> WHAT THE TASK ASKS
Reproduce the data below in full and to the letter, images excepted.

> GIVEN MATERIAL
--------------------------------------------------

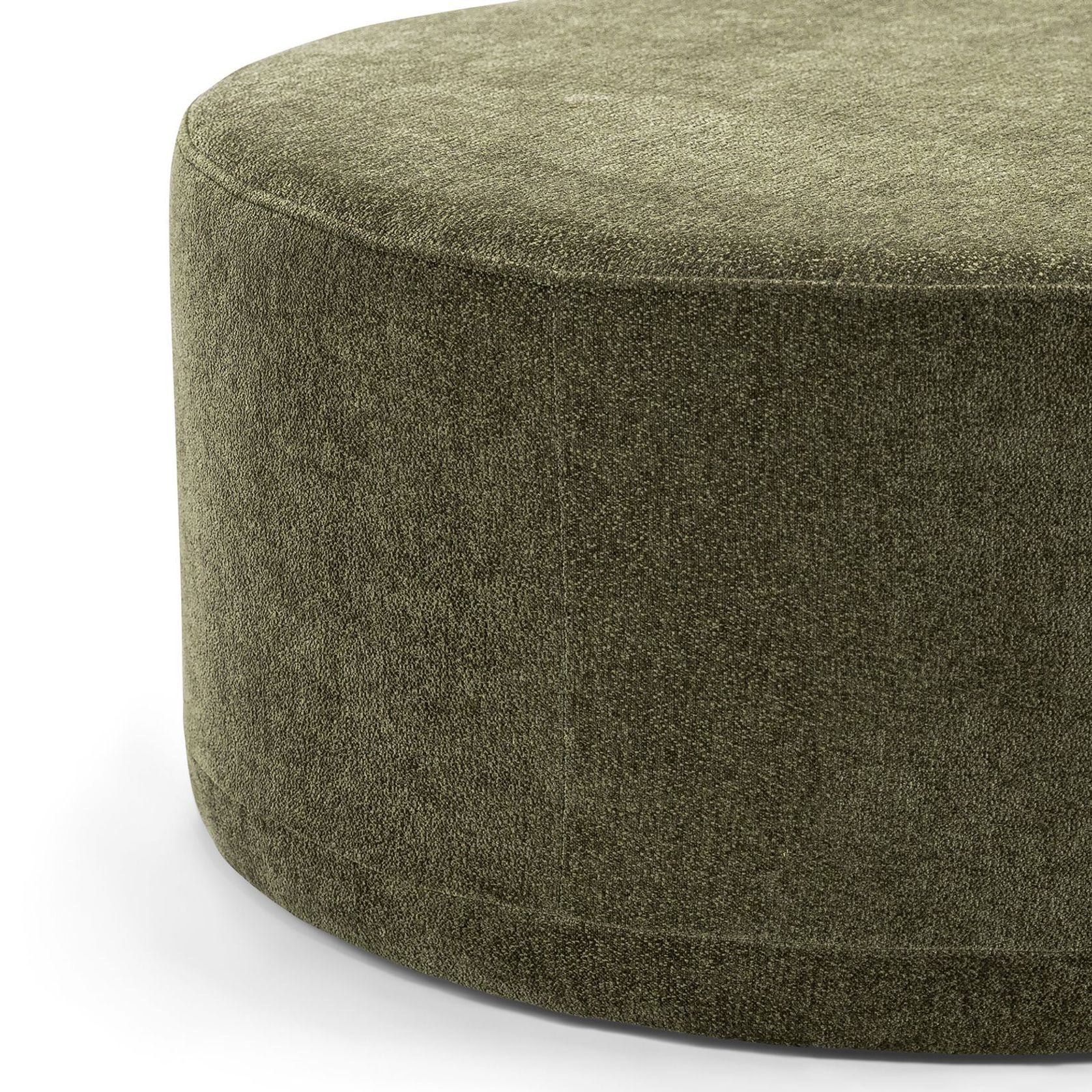 Halle Medium Round Ottoman Pouf | Wattle Green gallery detail image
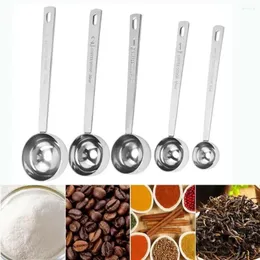 Colheres de café colher de medição de aço inoxidável durável mistura engrossar colher de sopa 5/10/15/20/30ml em pó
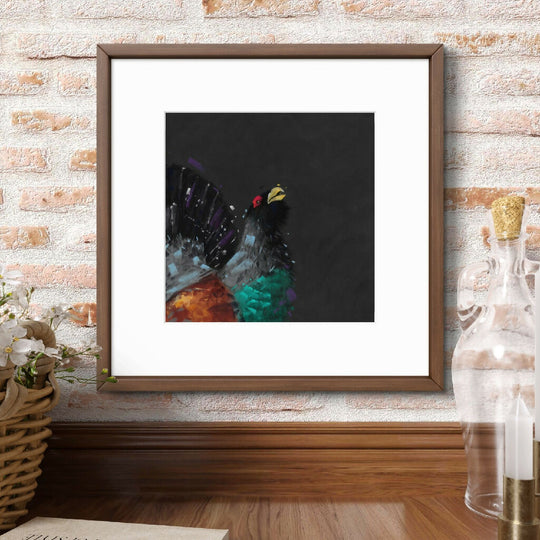 Highland Call Capercaillie Giclee Fine Art Print with Green Background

--------------------------------------------------

> RESULT
 Halle Medium Round Ottoman Pouf | Wattle Green gallery detail image
 Colheres de café colher de medição de aço inoxidável durável mistura engrossar colher de sopa 5/10/15/20/30ml em pó
 Highland Call Capercaillie Giclee Fine Art Print with Green Background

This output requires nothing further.